Last week, in Notice 2014-54, the Internal Revenue Service (IRS) unveiled proposed regulations that outline rules on how to allocate distributions from retirement plan accounts which contain both pretax and after-tax contributions. These regulations cover 401(k), 403(b), and 457 plans. In essence, this new guidance offers a mechanism for splitting of pretax and after-tax assets via a direct rollover. The new development is a recognition by the Service of a practice already in place at some financial institutions where withdrawals from retirement plans that contain both pretax and after-tax contributions are even now treated as a single distribution rather than as separate distributions under the old rule.
The Old Rule
Previously, an individual could not split the pre-tax and after-tax amounts in a direct rollover. Instead, it had to be done exclusively through an indirect aka 60-day rollover. First, plan participant would receive a cash distribution, then indirectly roll over the pre-tax amount to another retirement plan or an IRA. The remaining after-tax amount could then be moved to a Roth IRA or an after-tax account. The practical difficulty of that approach had to do with the 20% mandatory federal income tax withholding applicable to any pre-tax amounts directly distributed to the participant. An individual had to make up the 20% withheld by his employer when re-depositing the pre-tax amount to avoid income tax and to successfully deposit the remaining after-tax amount to a Roth IRA.
The New Rule
Under the new rule, all distributions from a plan scheduled at the same are treated as a single disbursement regardless of whether they go to a single or multiple accounts. The new rule makes it possible to split the pre-tax amounts and after-tax amounts via a direct rollover.
• If a pretax amount of combined disbursements treated as a single distribution under the new rule is less that the amount of the direct rollover, the entire pretax amount is allocated to the direct rollover. If the rollover is to more than one plan, then the individual can select how the pre-tax amount is to be allocated among these plans by communicating that election to plan administrator before the distribution takes place.

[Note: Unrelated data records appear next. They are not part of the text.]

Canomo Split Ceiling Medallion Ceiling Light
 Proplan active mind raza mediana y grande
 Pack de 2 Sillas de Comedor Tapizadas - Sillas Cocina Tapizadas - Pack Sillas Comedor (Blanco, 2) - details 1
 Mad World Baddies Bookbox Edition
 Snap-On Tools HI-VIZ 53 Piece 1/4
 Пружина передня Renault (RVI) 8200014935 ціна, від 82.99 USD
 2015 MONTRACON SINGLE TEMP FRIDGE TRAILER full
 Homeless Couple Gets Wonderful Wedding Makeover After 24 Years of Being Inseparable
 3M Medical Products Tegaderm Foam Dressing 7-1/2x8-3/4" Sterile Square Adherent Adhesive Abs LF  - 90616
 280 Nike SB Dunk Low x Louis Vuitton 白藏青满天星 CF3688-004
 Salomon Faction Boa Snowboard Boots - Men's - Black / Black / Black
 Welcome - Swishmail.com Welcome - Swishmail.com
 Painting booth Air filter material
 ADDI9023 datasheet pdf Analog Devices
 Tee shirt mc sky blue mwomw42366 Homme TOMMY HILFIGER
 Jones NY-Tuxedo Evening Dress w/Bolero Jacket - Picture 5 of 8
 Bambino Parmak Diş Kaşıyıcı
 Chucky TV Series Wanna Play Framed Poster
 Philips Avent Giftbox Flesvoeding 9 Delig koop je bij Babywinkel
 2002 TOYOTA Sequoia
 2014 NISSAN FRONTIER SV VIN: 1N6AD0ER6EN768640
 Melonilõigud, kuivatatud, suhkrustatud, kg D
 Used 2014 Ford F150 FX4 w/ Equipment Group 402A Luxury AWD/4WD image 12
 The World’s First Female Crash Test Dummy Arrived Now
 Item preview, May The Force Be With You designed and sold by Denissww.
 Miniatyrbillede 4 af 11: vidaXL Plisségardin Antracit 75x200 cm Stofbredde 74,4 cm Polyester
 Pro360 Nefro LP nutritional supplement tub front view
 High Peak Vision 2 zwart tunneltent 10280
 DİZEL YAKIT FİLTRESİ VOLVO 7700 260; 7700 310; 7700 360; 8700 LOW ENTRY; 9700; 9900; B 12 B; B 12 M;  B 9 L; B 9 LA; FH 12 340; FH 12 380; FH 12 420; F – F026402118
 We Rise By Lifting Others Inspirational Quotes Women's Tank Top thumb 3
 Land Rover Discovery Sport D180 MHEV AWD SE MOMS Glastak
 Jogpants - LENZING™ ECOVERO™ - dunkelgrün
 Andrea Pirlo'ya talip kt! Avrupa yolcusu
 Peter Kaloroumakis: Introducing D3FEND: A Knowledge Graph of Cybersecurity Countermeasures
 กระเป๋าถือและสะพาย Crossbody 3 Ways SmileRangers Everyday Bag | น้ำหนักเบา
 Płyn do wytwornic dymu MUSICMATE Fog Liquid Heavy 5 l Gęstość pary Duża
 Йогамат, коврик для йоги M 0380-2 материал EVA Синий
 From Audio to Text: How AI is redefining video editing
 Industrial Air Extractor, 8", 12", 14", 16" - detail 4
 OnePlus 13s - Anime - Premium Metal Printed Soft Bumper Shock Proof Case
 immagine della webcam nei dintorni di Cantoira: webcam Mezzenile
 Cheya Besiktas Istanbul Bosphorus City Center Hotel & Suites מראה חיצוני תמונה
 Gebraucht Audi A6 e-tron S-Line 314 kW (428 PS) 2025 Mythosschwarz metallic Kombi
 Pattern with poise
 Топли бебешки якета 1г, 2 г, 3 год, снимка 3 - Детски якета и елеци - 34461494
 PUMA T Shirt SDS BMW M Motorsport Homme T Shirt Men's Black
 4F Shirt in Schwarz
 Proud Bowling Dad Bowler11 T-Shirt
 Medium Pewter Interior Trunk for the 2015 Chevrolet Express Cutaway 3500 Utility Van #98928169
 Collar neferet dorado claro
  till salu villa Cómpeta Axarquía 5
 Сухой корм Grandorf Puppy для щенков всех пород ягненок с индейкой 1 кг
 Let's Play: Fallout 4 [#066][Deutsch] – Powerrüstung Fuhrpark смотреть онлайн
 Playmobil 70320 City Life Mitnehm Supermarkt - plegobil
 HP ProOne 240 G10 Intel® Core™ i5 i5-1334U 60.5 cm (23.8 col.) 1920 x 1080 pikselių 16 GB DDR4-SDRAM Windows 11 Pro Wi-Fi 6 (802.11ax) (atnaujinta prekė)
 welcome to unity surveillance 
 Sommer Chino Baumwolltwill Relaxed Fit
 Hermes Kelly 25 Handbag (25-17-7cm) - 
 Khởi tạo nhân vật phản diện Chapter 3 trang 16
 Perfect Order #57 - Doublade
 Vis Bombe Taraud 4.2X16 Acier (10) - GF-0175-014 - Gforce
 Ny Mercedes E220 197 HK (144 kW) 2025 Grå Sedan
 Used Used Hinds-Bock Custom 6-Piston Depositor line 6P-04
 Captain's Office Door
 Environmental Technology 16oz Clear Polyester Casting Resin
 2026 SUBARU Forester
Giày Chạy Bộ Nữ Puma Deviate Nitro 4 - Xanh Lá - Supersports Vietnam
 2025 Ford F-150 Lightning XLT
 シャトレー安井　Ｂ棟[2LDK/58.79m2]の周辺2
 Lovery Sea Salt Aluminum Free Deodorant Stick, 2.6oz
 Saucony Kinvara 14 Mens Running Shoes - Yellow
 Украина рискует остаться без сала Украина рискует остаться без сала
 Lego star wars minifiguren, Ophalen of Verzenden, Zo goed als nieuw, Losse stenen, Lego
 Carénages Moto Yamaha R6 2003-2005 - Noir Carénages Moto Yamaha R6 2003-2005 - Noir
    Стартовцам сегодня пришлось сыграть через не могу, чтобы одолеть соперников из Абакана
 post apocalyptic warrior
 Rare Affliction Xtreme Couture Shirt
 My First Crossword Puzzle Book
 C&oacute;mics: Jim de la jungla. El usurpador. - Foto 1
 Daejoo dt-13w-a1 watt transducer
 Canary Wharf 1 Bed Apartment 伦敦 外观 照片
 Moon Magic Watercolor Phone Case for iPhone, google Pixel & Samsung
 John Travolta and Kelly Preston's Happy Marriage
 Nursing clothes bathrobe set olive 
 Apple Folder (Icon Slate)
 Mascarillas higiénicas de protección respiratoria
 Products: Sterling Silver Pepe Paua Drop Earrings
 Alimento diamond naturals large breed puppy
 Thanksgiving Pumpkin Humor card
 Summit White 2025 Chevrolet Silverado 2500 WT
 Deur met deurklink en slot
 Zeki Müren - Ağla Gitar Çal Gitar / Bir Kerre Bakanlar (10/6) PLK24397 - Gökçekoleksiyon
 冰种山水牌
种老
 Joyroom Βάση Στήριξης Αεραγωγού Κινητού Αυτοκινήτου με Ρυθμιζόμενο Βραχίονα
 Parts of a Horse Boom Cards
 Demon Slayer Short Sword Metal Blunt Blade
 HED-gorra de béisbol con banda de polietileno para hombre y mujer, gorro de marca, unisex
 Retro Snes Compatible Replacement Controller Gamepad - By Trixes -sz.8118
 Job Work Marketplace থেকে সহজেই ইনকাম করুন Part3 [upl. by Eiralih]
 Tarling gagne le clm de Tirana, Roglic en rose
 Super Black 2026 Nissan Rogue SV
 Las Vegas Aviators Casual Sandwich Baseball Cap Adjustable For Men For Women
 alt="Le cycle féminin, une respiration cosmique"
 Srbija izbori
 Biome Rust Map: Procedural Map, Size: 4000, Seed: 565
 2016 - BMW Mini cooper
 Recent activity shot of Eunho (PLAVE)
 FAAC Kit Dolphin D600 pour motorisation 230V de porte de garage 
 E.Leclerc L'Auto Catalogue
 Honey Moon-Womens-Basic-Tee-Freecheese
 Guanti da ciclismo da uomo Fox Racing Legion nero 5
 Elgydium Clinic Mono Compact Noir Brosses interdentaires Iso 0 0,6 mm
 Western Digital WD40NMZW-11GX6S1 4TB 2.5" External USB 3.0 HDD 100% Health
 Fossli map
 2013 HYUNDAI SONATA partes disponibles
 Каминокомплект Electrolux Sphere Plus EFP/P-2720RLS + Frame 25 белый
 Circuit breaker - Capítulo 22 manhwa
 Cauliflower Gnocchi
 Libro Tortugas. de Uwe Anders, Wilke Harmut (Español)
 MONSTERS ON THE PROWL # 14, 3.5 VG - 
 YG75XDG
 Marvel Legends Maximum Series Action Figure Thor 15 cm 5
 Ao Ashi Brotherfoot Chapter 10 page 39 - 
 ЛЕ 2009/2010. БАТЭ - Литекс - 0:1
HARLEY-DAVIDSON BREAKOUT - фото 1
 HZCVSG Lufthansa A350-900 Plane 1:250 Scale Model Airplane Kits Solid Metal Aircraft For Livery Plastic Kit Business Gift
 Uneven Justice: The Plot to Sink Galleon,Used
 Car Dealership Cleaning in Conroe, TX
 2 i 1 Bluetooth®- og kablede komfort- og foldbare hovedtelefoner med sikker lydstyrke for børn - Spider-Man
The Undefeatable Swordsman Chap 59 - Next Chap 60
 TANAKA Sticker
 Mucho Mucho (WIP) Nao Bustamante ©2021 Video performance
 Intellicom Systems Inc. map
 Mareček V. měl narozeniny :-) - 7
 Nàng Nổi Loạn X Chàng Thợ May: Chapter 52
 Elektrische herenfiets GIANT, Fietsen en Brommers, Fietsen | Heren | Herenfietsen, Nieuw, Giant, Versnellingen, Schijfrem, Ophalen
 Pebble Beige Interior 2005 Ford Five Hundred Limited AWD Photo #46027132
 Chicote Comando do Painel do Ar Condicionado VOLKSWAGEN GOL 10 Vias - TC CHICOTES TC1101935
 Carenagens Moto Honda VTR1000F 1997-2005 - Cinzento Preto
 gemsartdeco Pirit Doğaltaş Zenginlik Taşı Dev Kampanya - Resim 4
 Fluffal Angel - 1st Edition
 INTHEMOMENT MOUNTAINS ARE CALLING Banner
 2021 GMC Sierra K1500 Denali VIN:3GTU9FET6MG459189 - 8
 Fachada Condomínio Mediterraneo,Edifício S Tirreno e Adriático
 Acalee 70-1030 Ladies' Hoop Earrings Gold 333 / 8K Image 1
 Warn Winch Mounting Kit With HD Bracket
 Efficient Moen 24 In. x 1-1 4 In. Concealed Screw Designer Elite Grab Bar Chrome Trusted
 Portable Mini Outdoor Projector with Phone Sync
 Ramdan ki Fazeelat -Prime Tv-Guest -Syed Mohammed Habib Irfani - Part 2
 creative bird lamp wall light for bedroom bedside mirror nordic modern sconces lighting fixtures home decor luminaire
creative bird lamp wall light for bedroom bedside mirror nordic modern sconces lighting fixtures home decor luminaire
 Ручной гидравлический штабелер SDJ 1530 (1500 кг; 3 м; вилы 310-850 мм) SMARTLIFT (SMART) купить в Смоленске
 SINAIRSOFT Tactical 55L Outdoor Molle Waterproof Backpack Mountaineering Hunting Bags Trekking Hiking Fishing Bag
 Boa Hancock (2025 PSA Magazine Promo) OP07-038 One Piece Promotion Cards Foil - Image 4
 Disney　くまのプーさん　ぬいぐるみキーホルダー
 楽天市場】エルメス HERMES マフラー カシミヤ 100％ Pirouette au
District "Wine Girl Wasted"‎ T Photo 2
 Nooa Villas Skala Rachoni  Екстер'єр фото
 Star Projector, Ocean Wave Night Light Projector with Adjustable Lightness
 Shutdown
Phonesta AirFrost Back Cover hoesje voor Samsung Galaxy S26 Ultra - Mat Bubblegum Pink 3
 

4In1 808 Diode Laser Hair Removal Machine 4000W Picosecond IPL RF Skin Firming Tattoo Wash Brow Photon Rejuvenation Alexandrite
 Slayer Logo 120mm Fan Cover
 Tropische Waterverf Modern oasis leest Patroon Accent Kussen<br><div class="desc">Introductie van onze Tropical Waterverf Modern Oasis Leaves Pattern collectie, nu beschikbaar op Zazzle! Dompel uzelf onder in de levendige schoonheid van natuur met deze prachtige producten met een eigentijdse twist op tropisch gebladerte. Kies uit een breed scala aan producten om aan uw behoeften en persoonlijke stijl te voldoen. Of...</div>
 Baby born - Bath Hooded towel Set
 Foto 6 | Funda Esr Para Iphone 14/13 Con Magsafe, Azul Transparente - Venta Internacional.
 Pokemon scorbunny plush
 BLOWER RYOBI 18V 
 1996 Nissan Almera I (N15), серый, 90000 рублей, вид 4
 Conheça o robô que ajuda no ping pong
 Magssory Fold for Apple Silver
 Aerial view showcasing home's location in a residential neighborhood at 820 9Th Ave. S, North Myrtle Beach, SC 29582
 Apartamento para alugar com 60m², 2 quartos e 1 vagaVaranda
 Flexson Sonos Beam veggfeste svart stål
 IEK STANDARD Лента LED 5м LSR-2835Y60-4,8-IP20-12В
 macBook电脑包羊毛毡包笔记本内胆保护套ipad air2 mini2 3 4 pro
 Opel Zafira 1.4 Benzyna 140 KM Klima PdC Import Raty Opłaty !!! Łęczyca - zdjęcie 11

• If the pre-tax amount equals or exceeds the amount of direct rollover, then it is assigned to the portion of the distribution that’s directly rolled over up to the amount of the direct rollover. Any remaining amount is then assigned to any indirect rollovers, aka 60-day rollovers.
• If the remaining amount is less than the 60-day rollover amount, then the individual can decide how the pre-tax amount is allocated between plans that receive the 60-day rollover.
• If after that assignment there is still remaining pre-tax amount, that amount becomes includable in the individual’s gross income.
• If the amount rolled over to an eligible retirement account exceeds the portion of the pretax amount allocated to the plan, the excess is an after-tax amount.
The IRS stated that the new guidance will apply to distributions made on or after January 15, 2015. That said, the IRS also noted that tax payers are allowed to apply these proposed regulations to distributions made on or after September 18, 2014, the date the Notice was published.
Why It’s Significant
This development opens wider doors for effective distribution planning. By eliminating the need to rely exclusively on indirect rollovers for splitting of pretax and after-tax amounts in plan distributions, often ridden with costly mistakes due to missed redeposited windows or inability to make up the 20% withholding, the IRS made planning for after-tax amounts in retirement plans more accessible.
Here’s an example. A participant has a $150,000 account balance in her IRA: $125,000 is pre-tax and $25,000 are after-tax dollars. Upon retirement, she can elect to move $125,000 to a rollover IRA retaining the amount’s tax-deferred status, distribute the remaining $25,000, and redeposit it to a Roth IRA as a tax-free conversion. Distributions from the rollover IRA will taxed at the time they are eventually withdrawn but the Roth IRA disbursements will be tax-free, provided they are qualified.
Retirement Services will continue monitoring further developments on the topic and update you as more information becomes available.